The town traces its roots to 1788, when a group of American pioneers to the Northwest Territory led by Gen. Rufus Putnam traveled overland from Massachusetts and stopped at this location to build boats. They then set out down the Youghiogheny River to the Monogahela and Ohio Rivers, ending their journey and founding the town of Marietta, Ohio. Former names of the town are Simeral's Ferry (also, Sumrill's Ferry), Oswegly (Sewickley) Old Town, and Robbstown. Eighteen miners lost their lives in West Newton in 1901 at the Port Royal Mine.

The Dick Building and Plumer House are listed on the National Register of Historic Places.
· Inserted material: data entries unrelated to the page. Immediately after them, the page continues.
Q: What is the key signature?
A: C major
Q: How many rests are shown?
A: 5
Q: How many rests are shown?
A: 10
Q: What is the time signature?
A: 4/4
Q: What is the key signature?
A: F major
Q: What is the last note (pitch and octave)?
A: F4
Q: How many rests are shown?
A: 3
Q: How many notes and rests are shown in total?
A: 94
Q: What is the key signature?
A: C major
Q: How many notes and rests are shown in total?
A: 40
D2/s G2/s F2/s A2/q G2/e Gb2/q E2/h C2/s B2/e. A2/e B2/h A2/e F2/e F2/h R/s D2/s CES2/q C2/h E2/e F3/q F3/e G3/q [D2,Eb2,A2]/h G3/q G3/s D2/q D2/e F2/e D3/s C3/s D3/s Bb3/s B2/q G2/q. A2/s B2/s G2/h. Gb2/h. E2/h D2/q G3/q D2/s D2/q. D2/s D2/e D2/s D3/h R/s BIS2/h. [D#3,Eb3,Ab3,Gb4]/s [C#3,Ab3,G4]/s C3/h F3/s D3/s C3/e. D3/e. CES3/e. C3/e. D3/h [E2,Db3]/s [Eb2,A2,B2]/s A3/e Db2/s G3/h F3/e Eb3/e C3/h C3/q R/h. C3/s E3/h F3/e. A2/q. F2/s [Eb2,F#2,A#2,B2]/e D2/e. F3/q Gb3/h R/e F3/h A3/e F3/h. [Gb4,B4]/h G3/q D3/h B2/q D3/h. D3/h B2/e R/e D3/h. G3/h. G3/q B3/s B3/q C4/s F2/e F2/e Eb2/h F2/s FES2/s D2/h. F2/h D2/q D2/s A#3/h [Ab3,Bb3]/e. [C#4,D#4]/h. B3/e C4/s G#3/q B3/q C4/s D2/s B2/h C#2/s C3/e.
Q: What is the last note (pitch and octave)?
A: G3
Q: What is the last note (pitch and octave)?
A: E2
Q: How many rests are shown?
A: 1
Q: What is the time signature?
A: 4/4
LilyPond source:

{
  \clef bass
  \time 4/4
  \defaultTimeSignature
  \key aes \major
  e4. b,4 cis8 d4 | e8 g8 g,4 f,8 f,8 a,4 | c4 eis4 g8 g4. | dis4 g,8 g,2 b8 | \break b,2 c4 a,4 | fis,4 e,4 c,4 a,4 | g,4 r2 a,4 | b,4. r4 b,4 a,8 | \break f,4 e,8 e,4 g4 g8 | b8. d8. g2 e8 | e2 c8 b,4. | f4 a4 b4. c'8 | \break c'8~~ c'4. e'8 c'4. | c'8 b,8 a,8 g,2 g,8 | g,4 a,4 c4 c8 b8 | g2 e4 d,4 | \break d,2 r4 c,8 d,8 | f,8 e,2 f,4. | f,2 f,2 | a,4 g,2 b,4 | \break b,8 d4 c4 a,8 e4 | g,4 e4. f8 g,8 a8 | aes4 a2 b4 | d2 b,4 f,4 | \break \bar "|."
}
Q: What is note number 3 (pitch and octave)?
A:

Like many pioneer towns in Western Pennsylvania, West Newton earned its early historical relevance by playing a key role in the westward expansion of the United States. The Simerals were the first family to operate in this area and operated a small ferry on the Youghiogheny River halfway between Connellsville and McKeesport. A New Jersey native and whiskey rebel named Isaac Robb, laid out the town of West Newton; however, it was originally called "Robbstown". The town grew slowly as the community served as a trading outpost where the Old Glades Indian trail met the Youghiogheny River.

West Newton's fortunes changed during the mid 19th century. River commerce increased with the construction of slack water dams in the 1830s. The introduction of the Pittsburgh, Connellsvile, and Markles Paper Mill provided early economic developments.

Despite facing devastating fires, floods and tragic train wrecks in the 20th century, the people of West Newton persevered, continuing to develop both the infrastructure and economy of their community. West Newton eventually transitioned into a bedroom community with a vast majority of residents working outside of the borough's limits. The community saw new economic life blood, serving as a trail town along the Great Allegheny Passage for visitors around the world.

==Geography==
West Newton is located at (40.209378, -79.769157).

According to the United States Census Bureau, the borough has a total area of 1.2 sqmi, of which 1.1 sqmi is land and 0.1 sqmi (8.13%) is water.

==Demographics==

As of the census of 2000, there were 3,083 people, 1,318 households, and 830 families residing in the borough. The population density was 2,717.5 PD/sqmi. There were 1,410 housing units at an average density of 1,242.8 /sqmi. The racial makeup of the borough was 97.50% White, 1.14% African American, 0.16% Native American, 0.23% Asian, 0.16% from other races, and 0.81% from two or more races. Hispanic or Latino of any race were 0.42% of the population.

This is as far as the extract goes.